I think I did pretty well in the assignments, projects as well as the proposals. Two of my three projects (1st and 3rd) were selected as the best in the class and my assignment grades were also among the top ones. I personally think that the second project was also good but it’s the paper writing part which made it lose points because it was too verbose without any highlights to the important points. The reviewers’ feedback made us realize the importance of presentation style of the paper. Regarding the proposals, the most important challenge to me was to explain the problem clearly in a limited space and also portray its significance and importance to the reviewers who are from different backgrounds. Sometimes, I feel that writing a proposal is more difficult than implementing a project. This is because, once we know what we are supposed to do, we have a direction and implementing that is a different challenge. But, establishing a direction is not an easy task, and this is what a proposal is all about. For writing up a proposal, it is necessary to know about the latest developments in the field and also some of the interesting studies. Also, to compare against some of the well-known and established methods, it is necessary to read the relevant literature in the domain. Therefore, I feel like writing a proposal made me more knowledgeable about the developments in a field in general. Also, writing an effective and coherent proposal which can stick to rules and attract reviewers is not an easy task and hence, this practice of writing three proposals was beneficial and it helped to mold my thinking and writing process in general.

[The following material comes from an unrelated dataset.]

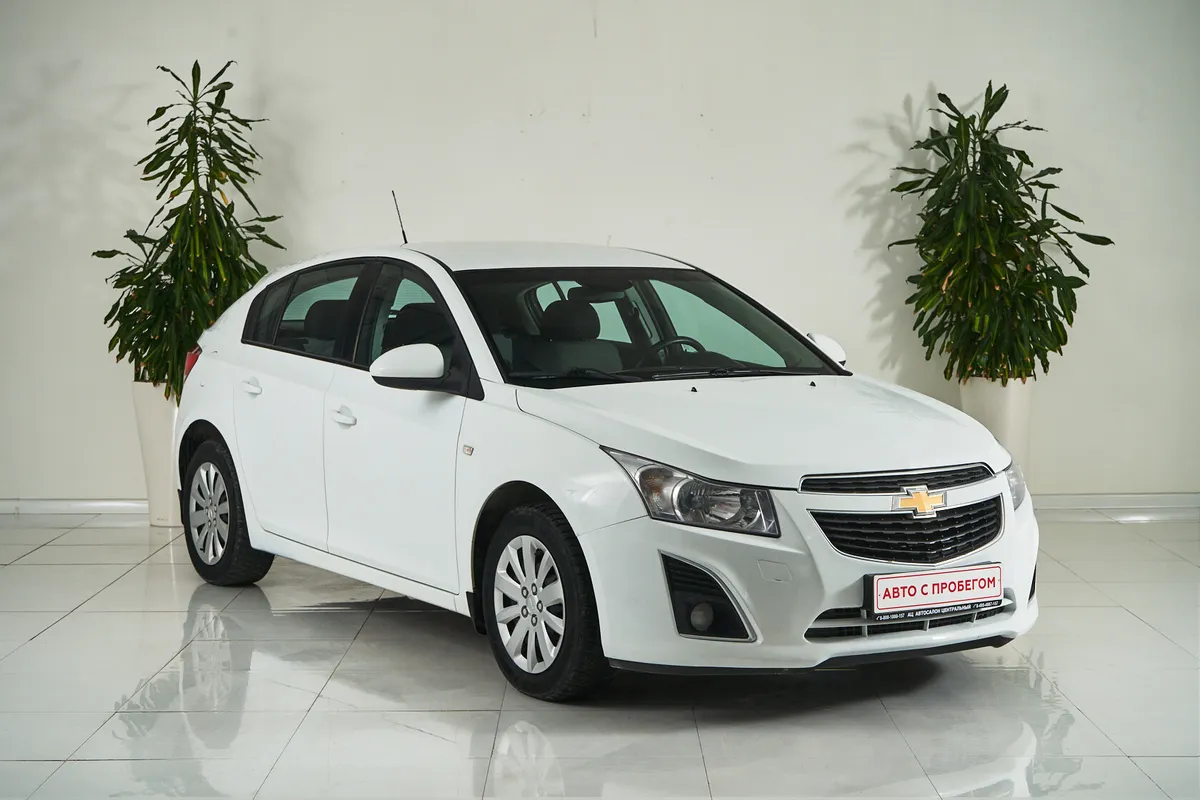 Chevrolet Cruze I Рестайлинг — фото 3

The course as a whole had a big impact on my academics. This served as an extensive introduction to the world of Artificial Intelligence. This course was more of a self-study on the topics covered in the book which made it more challenging as the classes were supposed to cover topics beyond what is given in the book. This was my first A.I class and hence, the learning curve was very steep. The breadth of this course is large and it does a pretty good job of introducing us to various interesting domains of A. I. I believe that this class coupled with a dedicated self-study will be the perfect recipe for anyone who wishes to get a good grasp of Artificial Intelligence. In the end, I would like to thank the instructors, T.A, and other fellow students of this class without whom this would not be as exciting an experience as it was for me.